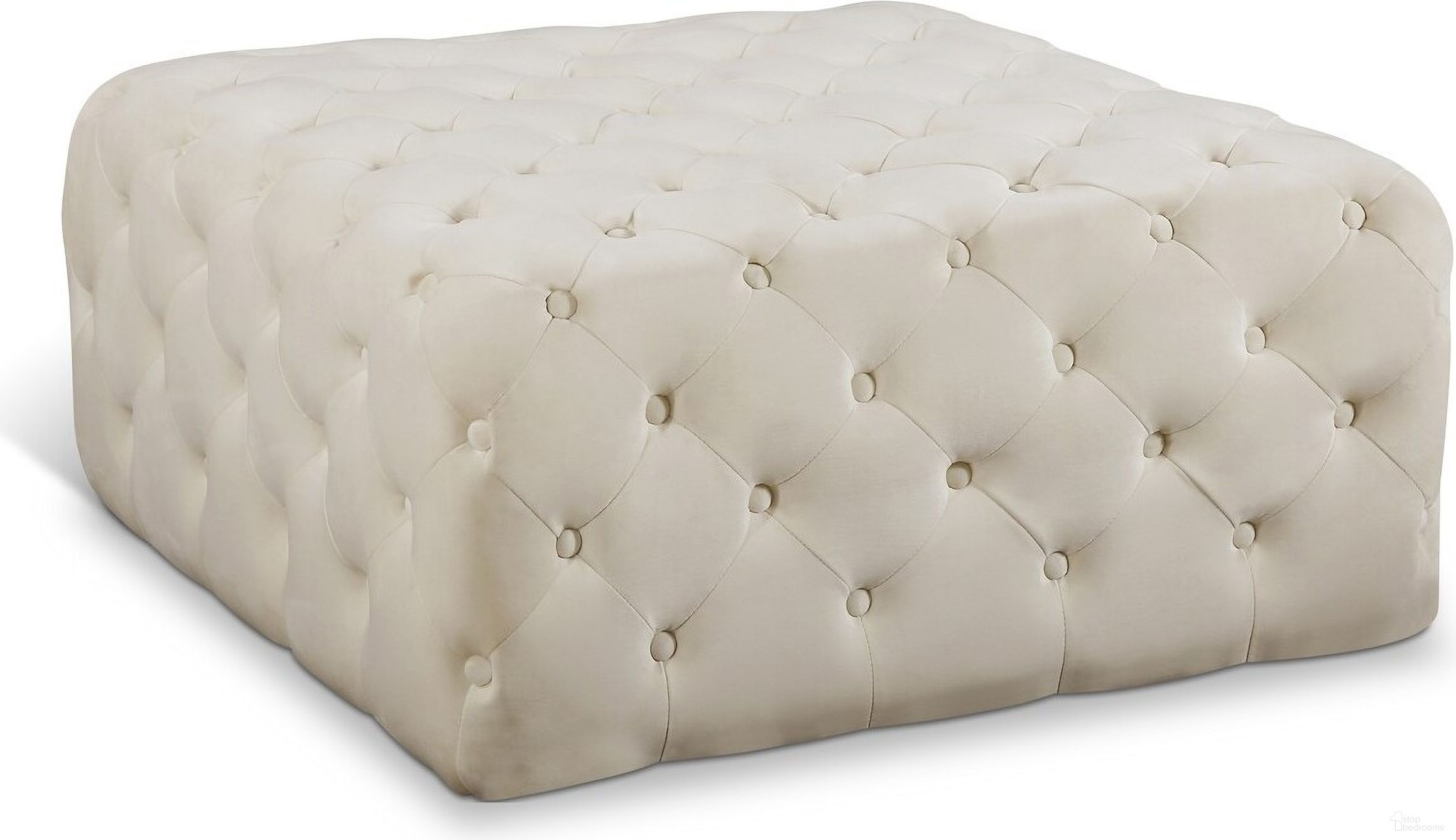 The appearance of Ariel Velvet Ottoman/Bench In Cream designed by Meridian in the modern / contemporary interior design. This cream velvet piece of furniture  was selected by 1StopBedrooms from Ariel Collection to add a touch of cosiness and style into your home. Sku: 123Cream. Material: Velvet.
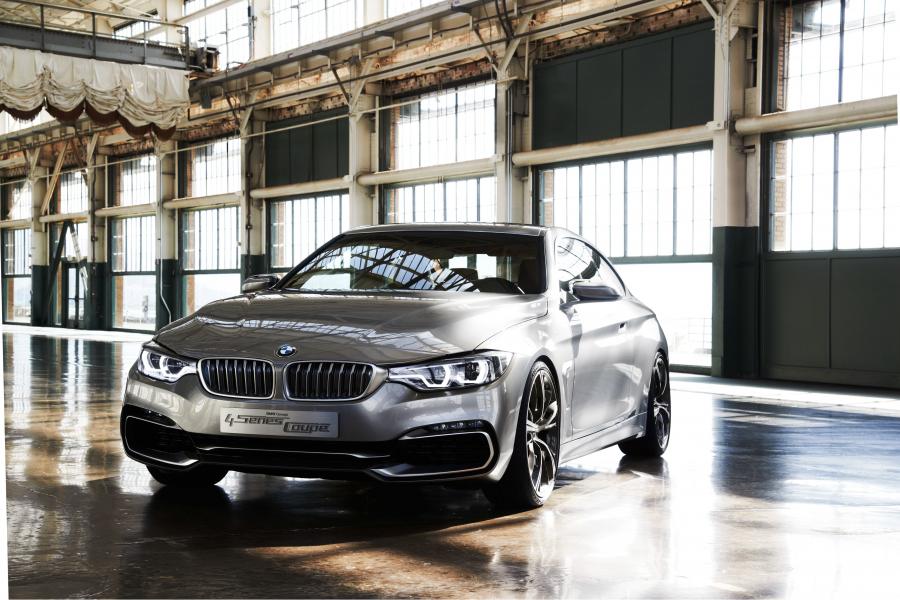  BMW 4-Series Coupe Concept (F32) 2013 года  (фото 17 из 47)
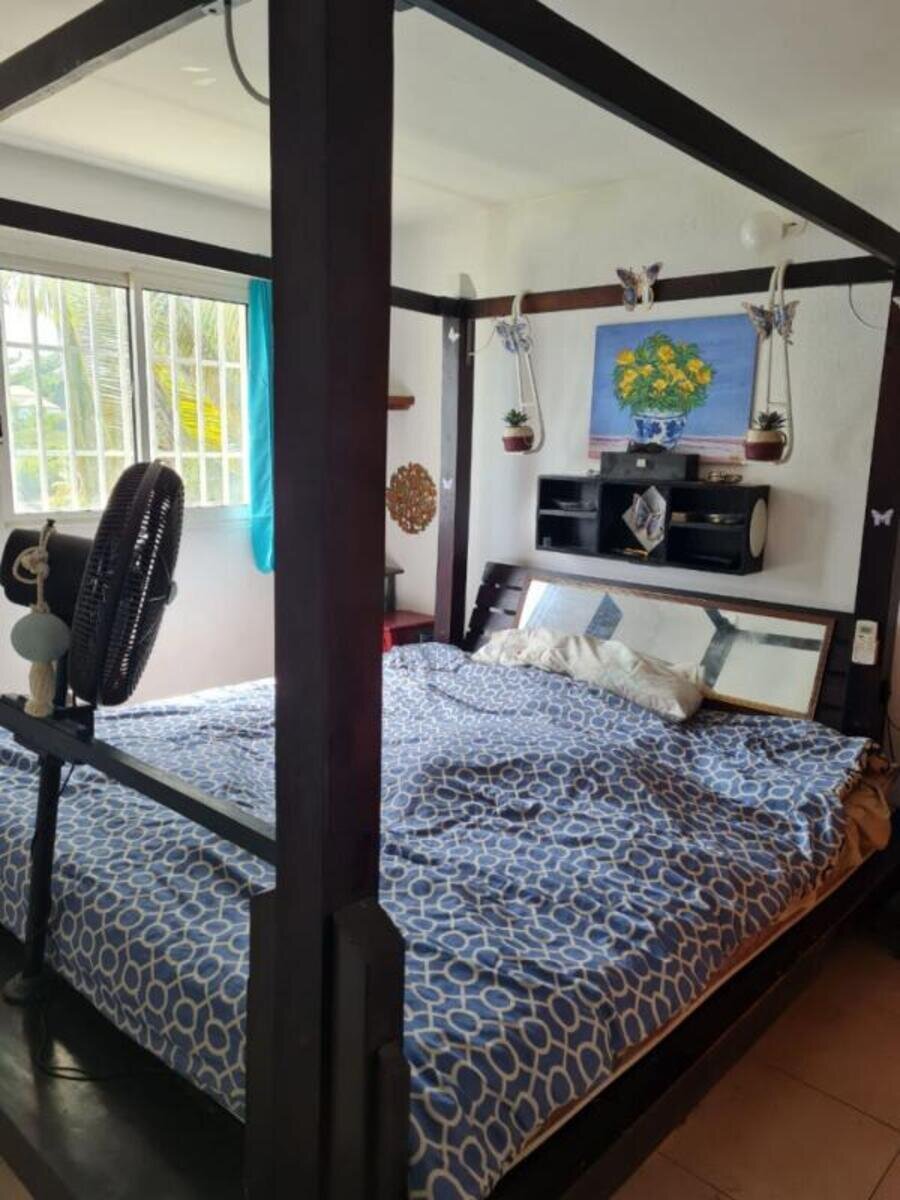 Sous promesse de ...Oyster Pond...Vue lagon magnifique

* BRIEF
Starting with the line that contains "BMW 4-Series Coupe", repeat each line exactly until the listing ends, including the last one. Leave pictures out.

* REPLY
  BMW 4-Series Coupe Concept (F32) 2013 года  (фото 17 из 47)
 Sous promesse de ...Oyster Pond...Vue lagon magnifique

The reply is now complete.